*** Opening of Data for this task ***

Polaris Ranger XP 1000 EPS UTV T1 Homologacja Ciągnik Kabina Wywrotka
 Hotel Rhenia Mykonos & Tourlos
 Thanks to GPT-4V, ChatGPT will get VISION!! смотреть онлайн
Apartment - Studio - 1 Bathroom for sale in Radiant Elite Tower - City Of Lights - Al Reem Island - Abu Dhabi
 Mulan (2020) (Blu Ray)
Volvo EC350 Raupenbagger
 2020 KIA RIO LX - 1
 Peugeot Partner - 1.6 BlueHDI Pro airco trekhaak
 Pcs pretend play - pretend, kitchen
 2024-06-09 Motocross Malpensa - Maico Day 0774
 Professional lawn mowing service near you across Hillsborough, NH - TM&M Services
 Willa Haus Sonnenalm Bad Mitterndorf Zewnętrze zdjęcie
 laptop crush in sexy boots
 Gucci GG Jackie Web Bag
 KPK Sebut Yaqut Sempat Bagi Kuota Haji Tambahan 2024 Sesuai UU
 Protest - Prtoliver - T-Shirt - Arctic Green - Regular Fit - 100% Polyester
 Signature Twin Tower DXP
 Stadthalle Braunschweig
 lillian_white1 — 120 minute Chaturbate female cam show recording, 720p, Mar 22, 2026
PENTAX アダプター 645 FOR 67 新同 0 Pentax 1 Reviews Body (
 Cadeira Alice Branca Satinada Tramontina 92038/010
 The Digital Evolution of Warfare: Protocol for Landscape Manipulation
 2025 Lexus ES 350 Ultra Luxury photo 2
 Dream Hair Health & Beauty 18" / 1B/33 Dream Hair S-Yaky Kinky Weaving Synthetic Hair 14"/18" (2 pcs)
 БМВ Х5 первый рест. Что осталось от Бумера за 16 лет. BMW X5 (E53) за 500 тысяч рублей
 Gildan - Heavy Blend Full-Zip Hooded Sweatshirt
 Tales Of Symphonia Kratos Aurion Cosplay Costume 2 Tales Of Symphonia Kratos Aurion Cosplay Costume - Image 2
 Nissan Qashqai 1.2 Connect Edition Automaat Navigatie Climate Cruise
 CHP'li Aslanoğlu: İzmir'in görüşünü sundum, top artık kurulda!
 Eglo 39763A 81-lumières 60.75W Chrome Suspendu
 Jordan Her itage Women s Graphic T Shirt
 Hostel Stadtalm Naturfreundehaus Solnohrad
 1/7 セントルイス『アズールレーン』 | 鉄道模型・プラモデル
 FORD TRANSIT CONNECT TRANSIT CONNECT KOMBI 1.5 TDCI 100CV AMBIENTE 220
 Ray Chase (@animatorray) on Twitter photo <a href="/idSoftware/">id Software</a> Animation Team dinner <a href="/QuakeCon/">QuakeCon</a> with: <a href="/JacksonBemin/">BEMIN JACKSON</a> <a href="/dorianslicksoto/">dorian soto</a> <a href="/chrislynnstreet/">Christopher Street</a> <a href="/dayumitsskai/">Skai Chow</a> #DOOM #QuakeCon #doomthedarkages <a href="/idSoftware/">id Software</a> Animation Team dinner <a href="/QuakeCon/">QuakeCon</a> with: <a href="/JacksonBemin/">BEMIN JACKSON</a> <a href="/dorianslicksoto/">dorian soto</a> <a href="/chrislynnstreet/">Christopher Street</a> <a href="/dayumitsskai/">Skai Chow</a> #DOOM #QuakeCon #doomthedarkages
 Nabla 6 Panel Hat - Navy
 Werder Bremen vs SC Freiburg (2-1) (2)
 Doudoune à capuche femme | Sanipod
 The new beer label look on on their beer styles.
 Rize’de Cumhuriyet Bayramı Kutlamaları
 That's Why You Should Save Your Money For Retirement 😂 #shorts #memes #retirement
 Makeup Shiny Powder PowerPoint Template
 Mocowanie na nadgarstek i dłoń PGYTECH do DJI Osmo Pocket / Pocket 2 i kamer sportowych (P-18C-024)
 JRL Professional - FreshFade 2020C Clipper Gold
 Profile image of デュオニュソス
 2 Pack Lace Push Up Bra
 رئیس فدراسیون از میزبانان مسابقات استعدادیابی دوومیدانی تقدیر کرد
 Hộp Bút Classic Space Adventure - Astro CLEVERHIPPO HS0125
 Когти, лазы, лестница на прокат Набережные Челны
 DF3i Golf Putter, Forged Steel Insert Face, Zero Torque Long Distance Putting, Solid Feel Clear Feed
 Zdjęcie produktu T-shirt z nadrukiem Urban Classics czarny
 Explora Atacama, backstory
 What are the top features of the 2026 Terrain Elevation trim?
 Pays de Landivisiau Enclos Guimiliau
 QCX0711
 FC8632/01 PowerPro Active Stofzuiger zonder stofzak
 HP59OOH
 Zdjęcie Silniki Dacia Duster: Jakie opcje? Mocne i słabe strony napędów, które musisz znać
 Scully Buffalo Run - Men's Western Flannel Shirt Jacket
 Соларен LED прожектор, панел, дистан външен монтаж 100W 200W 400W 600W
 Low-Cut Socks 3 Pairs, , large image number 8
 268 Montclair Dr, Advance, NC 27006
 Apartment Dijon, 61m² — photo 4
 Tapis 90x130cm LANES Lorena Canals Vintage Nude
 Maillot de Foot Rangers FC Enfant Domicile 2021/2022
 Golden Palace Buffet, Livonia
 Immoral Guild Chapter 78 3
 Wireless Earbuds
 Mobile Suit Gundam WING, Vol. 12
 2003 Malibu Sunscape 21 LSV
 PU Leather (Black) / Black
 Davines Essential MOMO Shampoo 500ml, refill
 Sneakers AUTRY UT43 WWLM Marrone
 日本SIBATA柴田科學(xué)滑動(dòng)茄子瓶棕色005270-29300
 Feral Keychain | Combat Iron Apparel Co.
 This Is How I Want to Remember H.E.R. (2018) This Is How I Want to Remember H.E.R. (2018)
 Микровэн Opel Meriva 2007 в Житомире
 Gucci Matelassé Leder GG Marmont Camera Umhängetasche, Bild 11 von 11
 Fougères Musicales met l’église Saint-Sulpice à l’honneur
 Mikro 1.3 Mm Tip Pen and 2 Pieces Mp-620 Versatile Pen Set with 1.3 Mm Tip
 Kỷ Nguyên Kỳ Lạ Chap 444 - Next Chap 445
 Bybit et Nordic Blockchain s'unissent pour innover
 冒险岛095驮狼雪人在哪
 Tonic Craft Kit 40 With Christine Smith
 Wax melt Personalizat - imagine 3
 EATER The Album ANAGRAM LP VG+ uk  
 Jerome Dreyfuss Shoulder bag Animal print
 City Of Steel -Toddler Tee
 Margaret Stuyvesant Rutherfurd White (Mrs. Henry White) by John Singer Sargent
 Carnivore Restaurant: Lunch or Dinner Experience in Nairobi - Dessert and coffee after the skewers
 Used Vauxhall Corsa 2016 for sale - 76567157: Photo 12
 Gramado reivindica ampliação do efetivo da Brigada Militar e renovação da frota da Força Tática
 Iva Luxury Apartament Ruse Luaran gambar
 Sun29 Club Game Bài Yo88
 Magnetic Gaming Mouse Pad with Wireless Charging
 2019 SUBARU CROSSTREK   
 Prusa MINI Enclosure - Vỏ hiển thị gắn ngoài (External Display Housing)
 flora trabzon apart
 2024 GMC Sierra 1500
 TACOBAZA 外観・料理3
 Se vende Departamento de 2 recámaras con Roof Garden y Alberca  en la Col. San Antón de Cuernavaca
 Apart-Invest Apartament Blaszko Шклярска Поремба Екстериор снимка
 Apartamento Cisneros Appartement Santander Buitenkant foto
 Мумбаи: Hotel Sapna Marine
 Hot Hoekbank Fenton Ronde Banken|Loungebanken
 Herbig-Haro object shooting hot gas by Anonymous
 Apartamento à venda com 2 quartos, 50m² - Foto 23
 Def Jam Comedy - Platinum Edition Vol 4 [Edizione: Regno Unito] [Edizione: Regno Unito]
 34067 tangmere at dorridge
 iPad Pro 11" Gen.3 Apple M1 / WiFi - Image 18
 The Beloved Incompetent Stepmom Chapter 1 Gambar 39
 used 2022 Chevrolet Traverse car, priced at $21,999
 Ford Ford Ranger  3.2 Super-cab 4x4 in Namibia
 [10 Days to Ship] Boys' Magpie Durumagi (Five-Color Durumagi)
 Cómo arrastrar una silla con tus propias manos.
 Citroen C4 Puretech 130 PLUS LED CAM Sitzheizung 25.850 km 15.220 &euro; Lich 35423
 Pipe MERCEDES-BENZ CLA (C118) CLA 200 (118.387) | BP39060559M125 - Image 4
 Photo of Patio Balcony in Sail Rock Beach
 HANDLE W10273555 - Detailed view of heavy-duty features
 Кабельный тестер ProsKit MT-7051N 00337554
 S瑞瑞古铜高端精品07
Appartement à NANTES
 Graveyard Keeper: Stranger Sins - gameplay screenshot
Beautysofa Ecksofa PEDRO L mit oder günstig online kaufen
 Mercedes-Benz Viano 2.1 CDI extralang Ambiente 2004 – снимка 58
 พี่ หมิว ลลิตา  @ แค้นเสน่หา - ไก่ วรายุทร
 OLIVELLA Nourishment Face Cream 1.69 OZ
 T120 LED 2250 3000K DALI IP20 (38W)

*** Close of Data for this task ***

After locating the line holding "FC8632/01 PowerPro Active" above, output exactly that line and every line after it through the line holding "Margaret Stuyvesant Rutherfurd". Include nothing else.

 FC8632/01 PowerPro Active Stofzuiger zonder stofzak
 HP59OOH
 Zdjęcie Silniki Dacia Duster: Jakie opcje? Mocne i słabe strony napędów, które musisz znać
 Scully Buffalo Run - Men's Western Flannel Shirt Jacket
 Соларен LED прожектор, панел, дистан външен монтаж 100W 200W 400W 600W
 Low-Cut Socks 3 Pairs, , large image number 8
 268 Montclair Dr, Advance, NC 27006
 Apartment Dijon, 61m² — photo 4
 Tapis 90x130cm LANES Lorena Canals Vintage Nude
 Maillot de Foot Rangers FC Enfant Domicile 2021/2022
 Golden Palace Buffet, Livonia
 Immoral Guild Chapter 78 3
 Wireless Earbuds
 Mobile Suit Gundam WING, Vol. 12
 2003 Malibu Sunscape 21 LSV
 PU Leather (Black) / Black
 Davines Essential MOMO Shampoo 500ml, refill
 Sneakers AUTRY UT43 WWLM Marrone
 日本SIBATA柴田科學(xué)滑動(dòng)茄子瓶棕色005270-29300
 Feral Keychain | Combat Iron Apparel Co.
 This Is How I Want to Remember H.E.R. (2018) This Is How I Want to Remember H.E.R. (2018)
 Микровэн Opel Meriva 2007 в Житомире
 Gucci Matelassé Leder GG Marmont Camera Umhängetasche, Bild 11 von 11
 Fougères Musicales met l’église Saint-Sulpice à l’honneur
 Mikro 1.3 Mm Tip Pen and 2 Pieces Mp-620 Versatile Pen Set with 1.3 Mm Tip
 Kỷ Nguyên Kỳ Lạ Chap 444 - Next Chap 445
 Bybit et Nordic Blockchain s'unissent pour innover
 冒险岛095驮狼雪人在哪
 Tonic Craft Kit 40 With Christine Smith
 Wax melt Personalizat - imagine 3
 EATER The Album ANAGRAM LP VG+ uk  
 Jerome Dreyfuss Shoulder bag Animal print
 City Of Steel -Toddler Tee
 Margaret Stuyvesant Rutherfurd White (Mrs. Henry White) by John Singer Sargent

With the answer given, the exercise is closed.